- PROVIDED DATA:

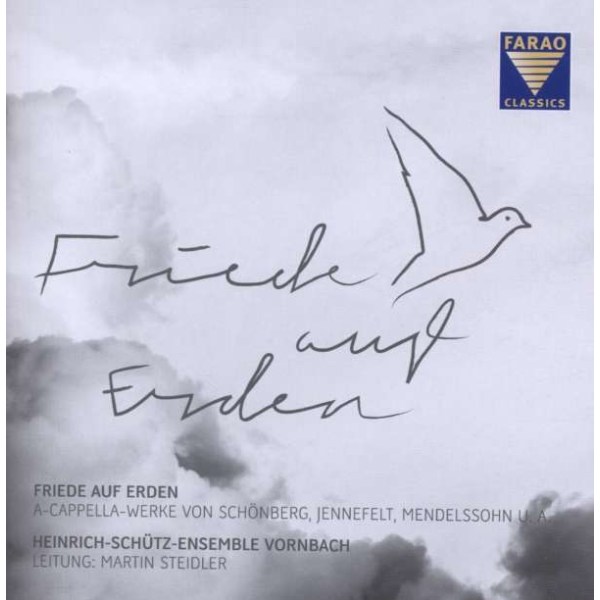 Arnold Schönberg (1874-1951): Heinrich-Schütz-Ensemble Vornbach - Friede auf Erden (Chorwerke a cappella) - Farao  - (CD / Titel: H-Z)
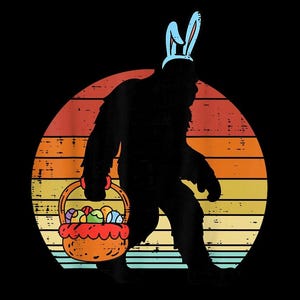 May include: A black silhouette of Bigfoot wearing blue bunny ears and carrying a basket of Easter eggs. The image is set against a retro sunset background with orange, yellow, and red stripes, all on a black background.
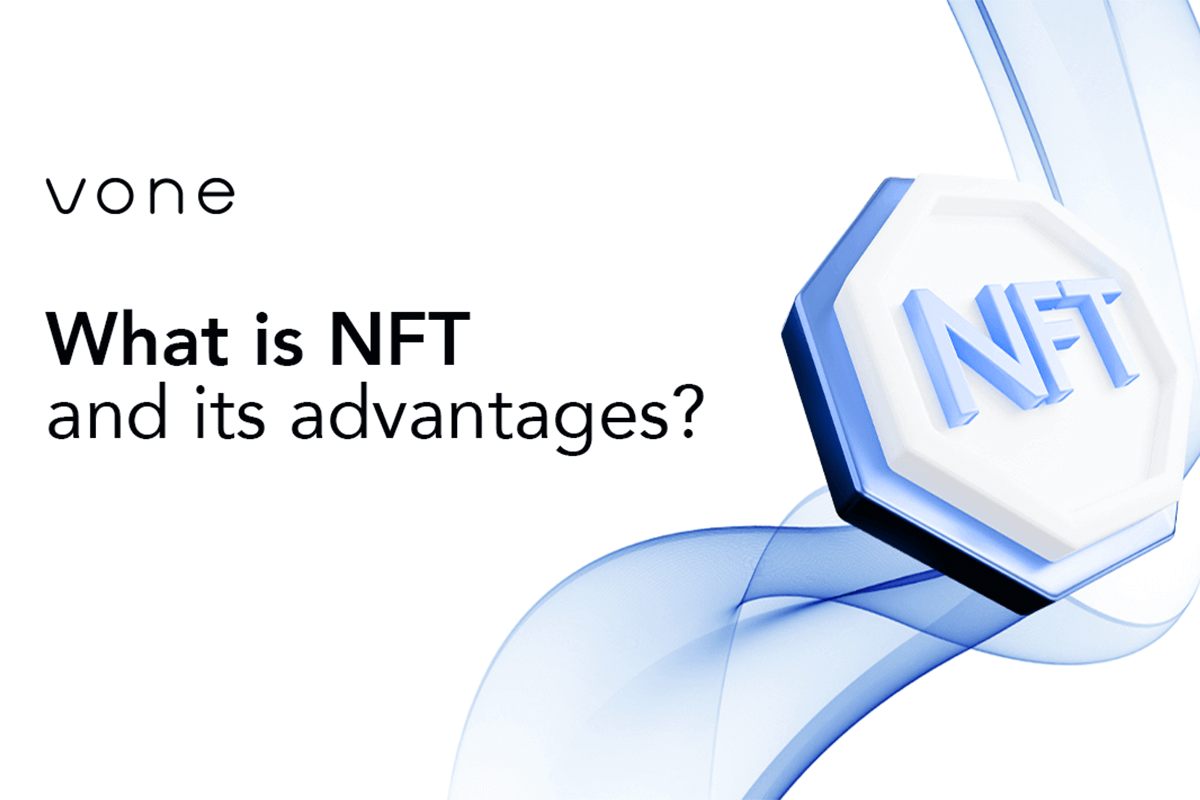 What is NFT and Its Advantages?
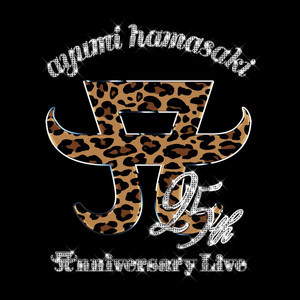 ayumi hamasaki 25th Anniversary LIVE - playlist by 浜崎あゆみ_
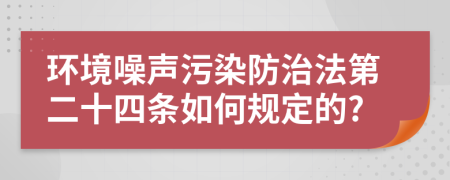 环境噪声污染防治法第二十四条如何规定的?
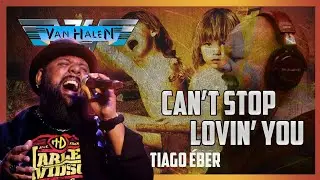 Can&acute;t Stop Lovin&acute;You - Van Halen Cover By Tiago Eber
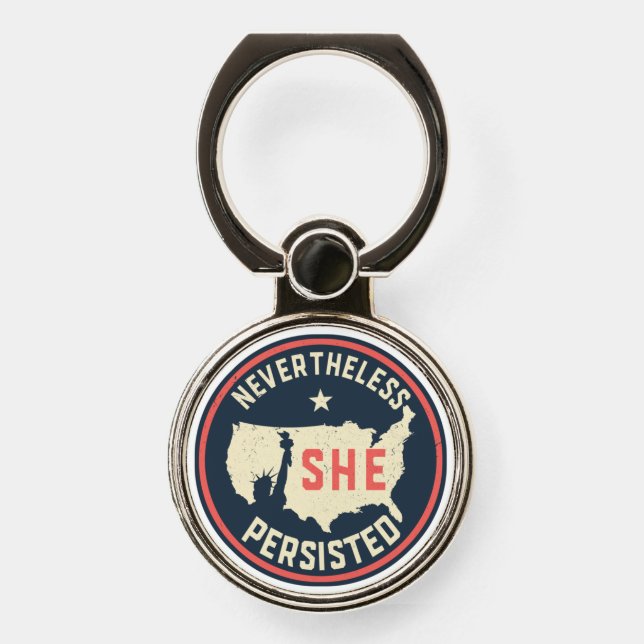 Womens March Lady Liberty She Persisted Phone Ring Stand (Front)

- WHAT YOU WILL DO:
With pictures omitted, copy exactly the lines from the one containing "May include: A" through the final line of the listing, both included.

- ANSWER SECTION:
 May include: A black silhouette of Bigfoot wearing blue bunny ears and carrying a basket of Easter eggs. The image is set against a retro sunset background with orange, yellow, and red stripes, all on a black background.
 What is NFT and Its Advantages?
 ayumi hamasaki 25th Anniversary LIVE - playlist by 浜崎あゆみ_
 环境噪声污染防治法第二十四条如何规定的?
 Can&acute;t Stop Lovin&acute;You - Van Halen Cover By Tiago Eber
 Womens March Lady Liberty She Persisted Phone Ring Stand (Front)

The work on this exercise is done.